Mantan Pentolan JI Ali Fauzi Sebut Pemicu Bom di Surabaya Video Polisi Suapi Napiter Mako Brimob
Insiden bom meladak di tiga gereja di Surabaya menjadi perhatian banyak kalangan. Bahkan ada yang meyakini sebagai aksi balas dendam
Editor: Sugiyarto
TRIBUNNEWS.COM, LAMONGAN - Insiden bom meladak di tiga gereja di Surabaya menjadi perhatian banyak kalangan. Bahkan ada yang meyakini sebagai aksi balas dendam terkait dengan peristiwa di Mako Brimob Jakarta.
Barangkali orang awampun akan berpikir bahwa bom gereja di Surabaya pagi tadi itu linier dengan peristiwa antara narapidana teroris (napiter) dengan polisi di Mako Brimob, Rabu kemarin.
Hal tersebut menurut Ali Fauzi, mantan pentolan Jamaah Islamiyah (JI) yang juga adik kandung sang Trio Bomber Bali, menyatakan peristiwa di Mako Brimob dengan peledakan bom tiga gereja Surabaya memang saling berkaitan.
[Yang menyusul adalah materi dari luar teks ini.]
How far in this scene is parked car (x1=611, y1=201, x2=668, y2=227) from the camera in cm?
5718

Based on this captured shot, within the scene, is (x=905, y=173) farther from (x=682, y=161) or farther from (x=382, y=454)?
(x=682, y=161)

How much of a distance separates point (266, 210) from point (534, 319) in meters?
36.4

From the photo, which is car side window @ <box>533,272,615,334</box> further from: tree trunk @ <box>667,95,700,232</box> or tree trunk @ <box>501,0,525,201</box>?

Ditemui Surya, Minggu (13/5/2018) siang ini, Ali Fauzi mengungkapkan, bahwa insiden bom meledak di tiga gereja di Surabaya itu adalah bagian dari balas dendam terkait dengan peristiwa di Mako Brimob.
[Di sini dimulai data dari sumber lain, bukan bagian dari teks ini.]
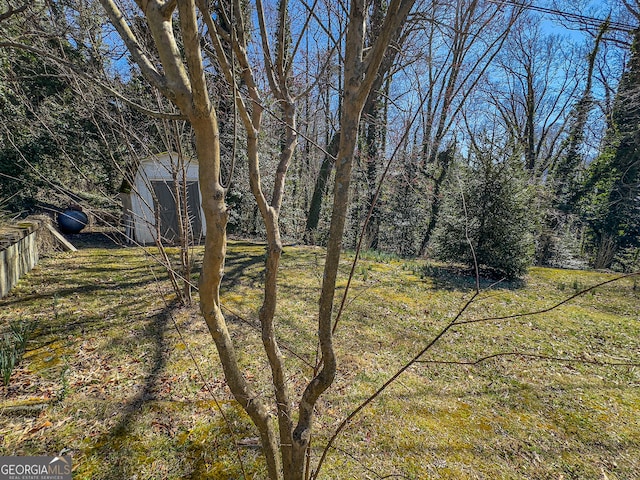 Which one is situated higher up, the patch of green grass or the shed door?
the shed door

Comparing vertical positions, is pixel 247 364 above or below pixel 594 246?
below

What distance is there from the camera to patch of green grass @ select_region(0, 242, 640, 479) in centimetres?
183

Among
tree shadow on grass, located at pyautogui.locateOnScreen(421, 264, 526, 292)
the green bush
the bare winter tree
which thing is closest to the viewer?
the bare winter tree

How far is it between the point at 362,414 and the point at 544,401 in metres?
1.62

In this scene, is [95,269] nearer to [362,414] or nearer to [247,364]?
[247,364]

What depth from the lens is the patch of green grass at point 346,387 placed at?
1.83m

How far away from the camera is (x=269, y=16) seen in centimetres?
343

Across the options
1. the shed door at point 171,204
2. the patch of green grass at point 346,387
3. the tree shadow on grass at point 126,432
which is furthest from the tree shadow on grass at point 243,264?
the tree shadow on grass at point 126,432

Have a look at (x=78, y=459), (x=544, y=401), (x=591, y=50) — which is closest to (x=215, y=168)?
(x=78, y=459)

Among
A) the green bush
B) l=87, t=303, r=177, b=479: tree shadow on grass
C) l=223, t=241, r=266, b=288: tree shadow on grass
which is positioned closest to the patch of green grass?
l=87, t=303, r=177, b=479: tree shadow on grass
Munculnya rekaman video instagram yakni, nampak jelas bagaimana seorang anggota polisi menyuapi makan dengan kedua tangan diborgol pada napiter dalam bus perjalanan menuju Nusakambangan, itu menjadi penyulut kemarahan mereka yang sejalan dengan para napiter.
"Jadi kelompok ini sangat terprovokasi dengan video yang beredar luas itu," ungkap Ali Fauzi.
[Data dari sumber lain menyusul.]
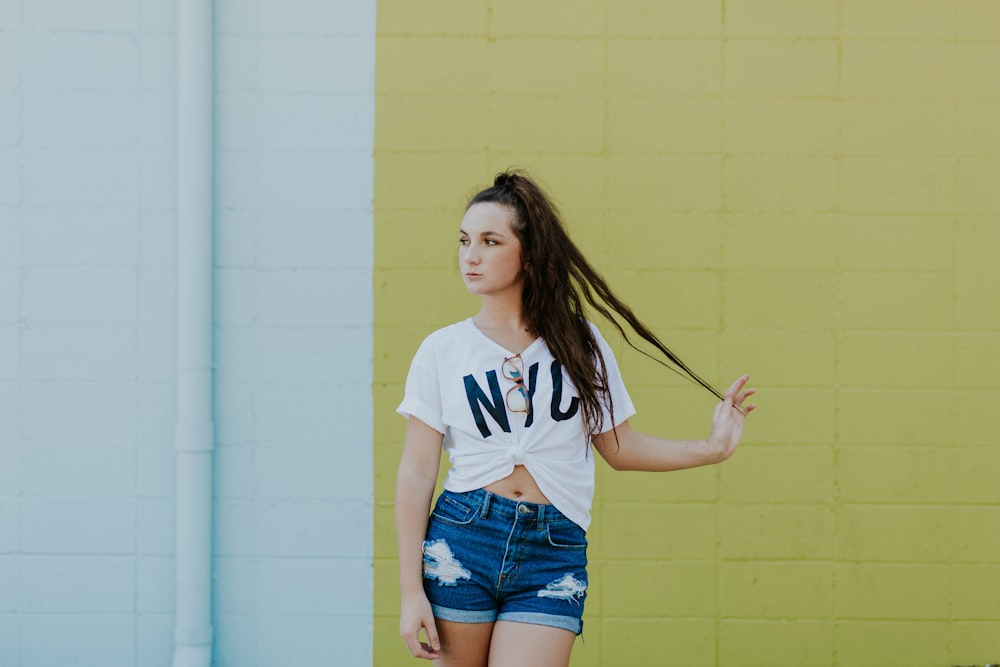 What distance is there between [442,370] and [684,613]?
1.92 meters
Kelompok teroris yang beraksi di Surabaya Ali Fauzi mengungkapkan pelakunya adalah kelompok yang bergerak dalam medio 4 hingga 5 tahun yang lalu.
"Kelompok ini beraviliasi dengan ISIS," tandasnya.
Tapi mengapa yang jadi sasarannya gereja, Ali membeberkan, sesungguhnya aksi serupa pernah tahun 2000.
Dimana gerakan serentak saat itu ada di sembilan kota termasuk diantaranya di Batam, Pekanbaru, Mojokerto, Bandung, dan Jakarta dengan pengiriman 25 paket bom.
"Yang beda, modelnya antara dulu dan sekarang," katanya.
Dalam kejadian ini, menurut Ali Fauzi, polisi tidak berarti kecolongan. Karena pada dasarnya polisi tahu akan ada balasan, hanya tidak diketahui pasti kapan dan dimana akan terjadi.
Negara manapun seperti bisa terjadi, termasuk di Amerika Serikat. Jika kelompok teroris mendapat tekanan, maka yang di bawah akan bergerak.
"Mungkin polisi tahu, tapi dimana dan kapan," katanya.